LGの日本未発売モデル「LG Velvet」(LM-G900N)を購入し、1ヶ月ほど使ってみました。知名度の問題か、それとも魅力が伝わりにくいのか、発売から3ヶ月ほど経つ割には日本で使っているマニアはSNSなどでほぼ見かけません。もしかしてこれ、国内初レビューなのでは……?

「LG Velvet」ってどんな機種?


LG Velvetは、2020年5月に発表されたLG製のAndroidスマートフォンです。韓国を皮切りに、EU圏の各国やアメリカ、カナダ、台湾などで順次発売されています。筆者が購入したモデルは韓国向け5Gモデル「LM-G900N」のKT版です。

LGは従来、GシリーズとVシリーズという2系統のフラッグシップモデルを展開してきましたが、不振のスマートフォン事業のテコ入れを図るため、今期からラインナップを再編します。新体制で登場する最初の機種がVelvetで、デザインを重視したプレミアムモデルとなっています。


6.8インチ(20.5:9)の大画面で、Wacom AES規格のスタイラスペンに対応。さらに、最近のGシリーズやVシリーズの特徴となっていた「外付け2画面」のDual Screen Caseも受け継ぎます。

LM-Gから始まる型番からもGシリーズの実質的な後継機であることが分かり、スペック的にハイエンドではないものの、フラッグシップと位置付けられる機種でしょう。各メーカーのフラッグシップモデルはハイエンドスペックである場合が多いですが、語義からすれば本来イコールではないですからね。

外観:トレンドへのアンチテーゼとも取れる端正なデザイン


まずは外観をチェック。前面は左右が少し湾曲しており、インカメラは水滴型ノッチで中央に配置。ベゼルは上下均等に余白が取られており、ギリギリまで攻めた狭額縁設計というわけではないので操作性も良好です。有機ELディスプレイの下には光学式の画面内指紋センサーが埋め込まれています。

一見ありがちな形なのですが、よく見ると四隅に金属フレームが回り込んでいて、華奢に見えるデザインなのに角から落ちてもガラスが割れにくい作り。見かけによらず、MIL規格準拠の耐衝撃性を備えています。ちなみに、IP68の防水・防塵仕様でもあります。


端正なデザインのVelvetの中でも、特に背面は美しいと思います。際限なく繰り広げられる多眼化や大型センサー、ペリスコープ型望遠レンズの採用などによって醜く盛り上がったカメラユニットを過度に強調する機種が増える中、Velvetはトレンドへのアンチテーゼとも取れるほどシンプルで整ったデザインです。

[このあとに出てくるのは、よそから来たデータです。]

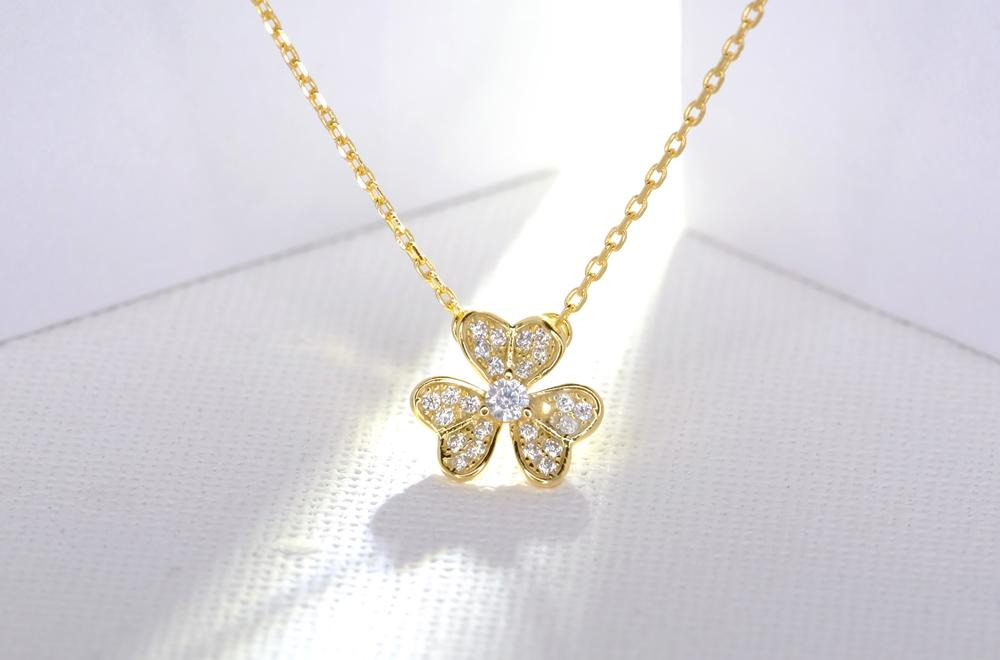 オードリー クローバー ネックレス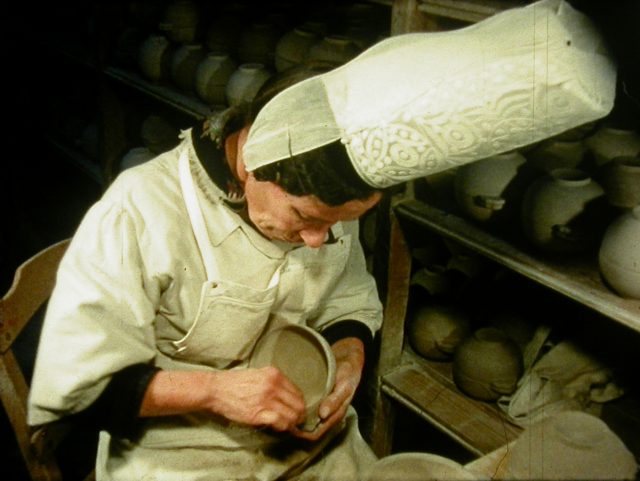 Exposition "Esprits de faïence, vierges et saints de Quimper"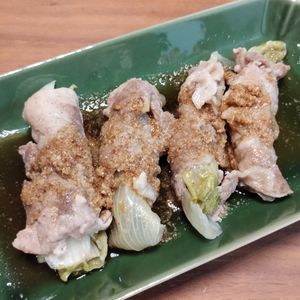 ゆの作ってみた!投稿(簡単すぎる！レンジで【レタスの豚バラ巻き】ごまポン酢だれ♡)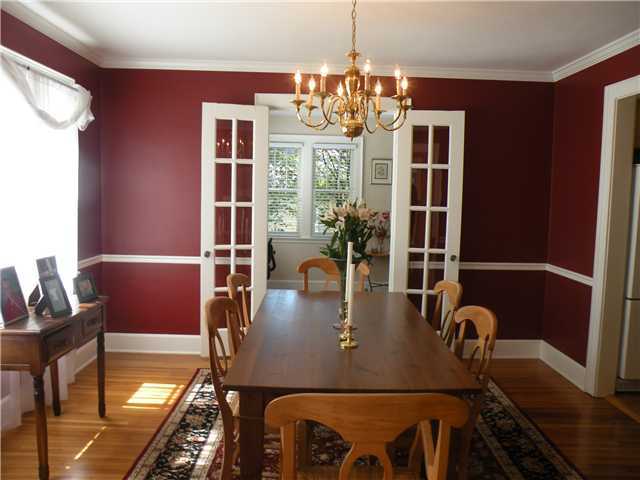 1604 Grenoble Road Columbus, OH 43221 - Photo 5 of 18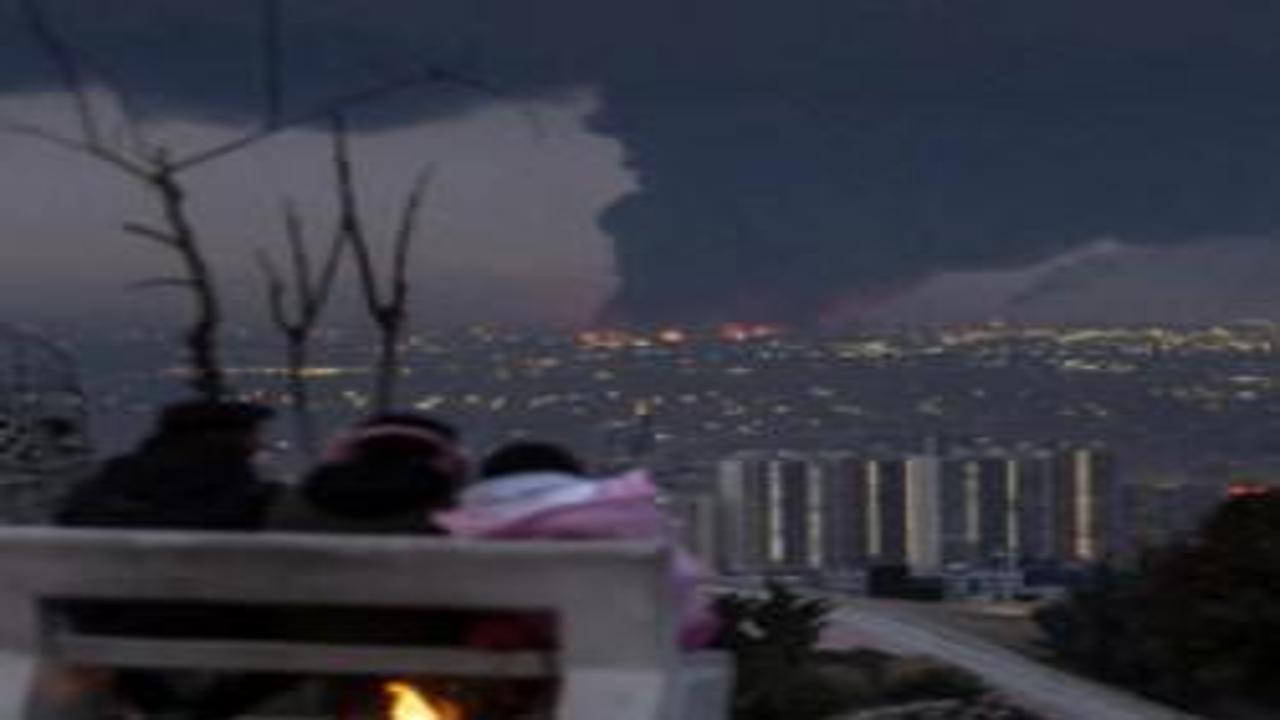 Son dakika: Tahran'da enerji tesisleri vuruldu, İran'dan ABD'ye üniversite tehdidi geldi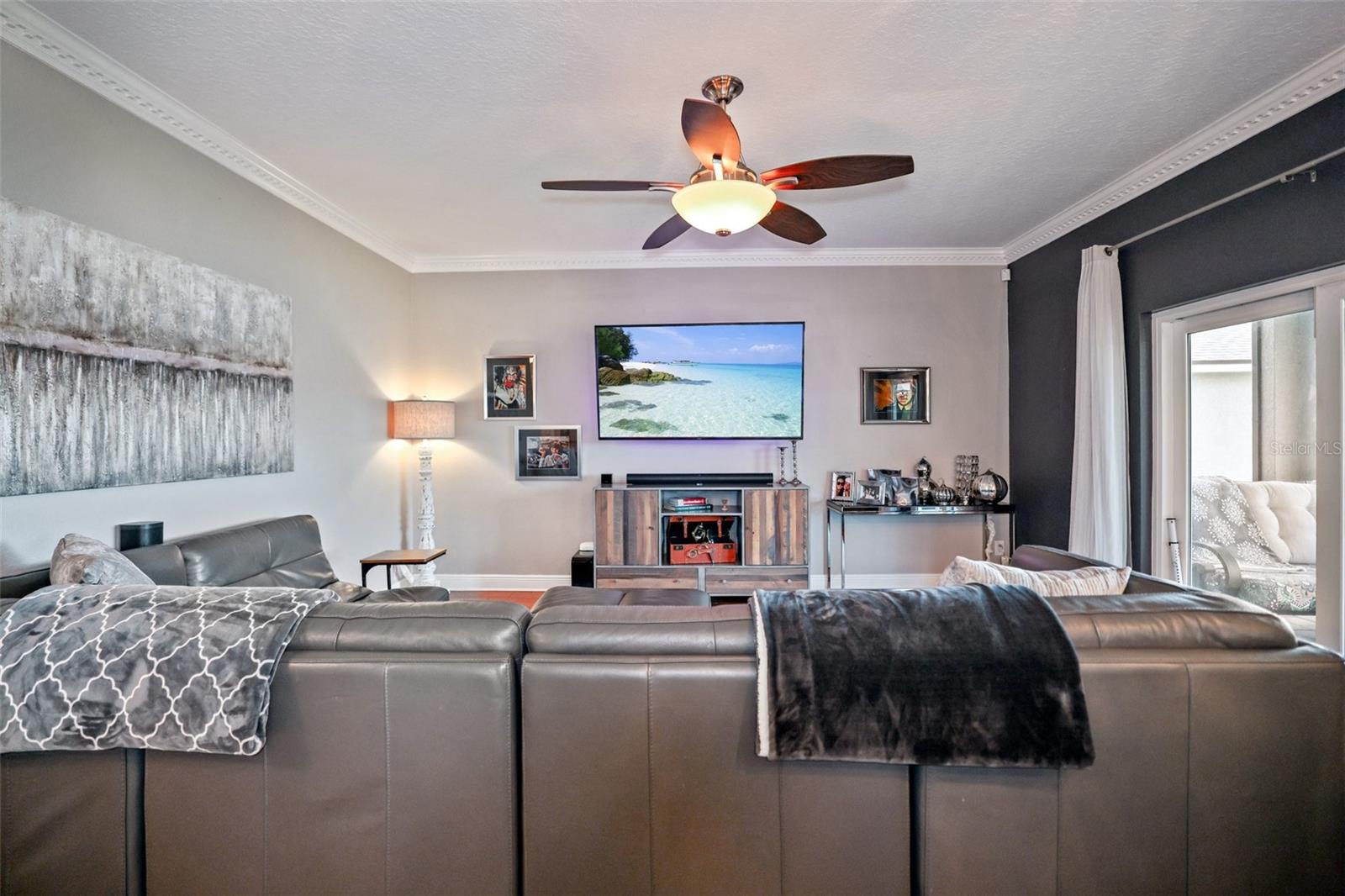 COUNTRY CHASE - Residential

ちなみに、写真の端末の色は「Aurora Gray」。多くの地域で販売されている基本カラーです。一見地味なようで、真っ黒ではなく光の下限で造形の美しさが際立つ実に良い色でした。ちなみに、一部地域で販売されている4G版には完全な黒色もあります。一度見比べてみたいものですが……日本で見ることはないだろうなぁ。


カメラ周りのデザインは「レインドロップカメラ」と名付けられており、雨粒が落ちるさまをモチーフに、大きいカメラから小さいカメラ(LEDフラッシュ)へと縦一列に並べてあります。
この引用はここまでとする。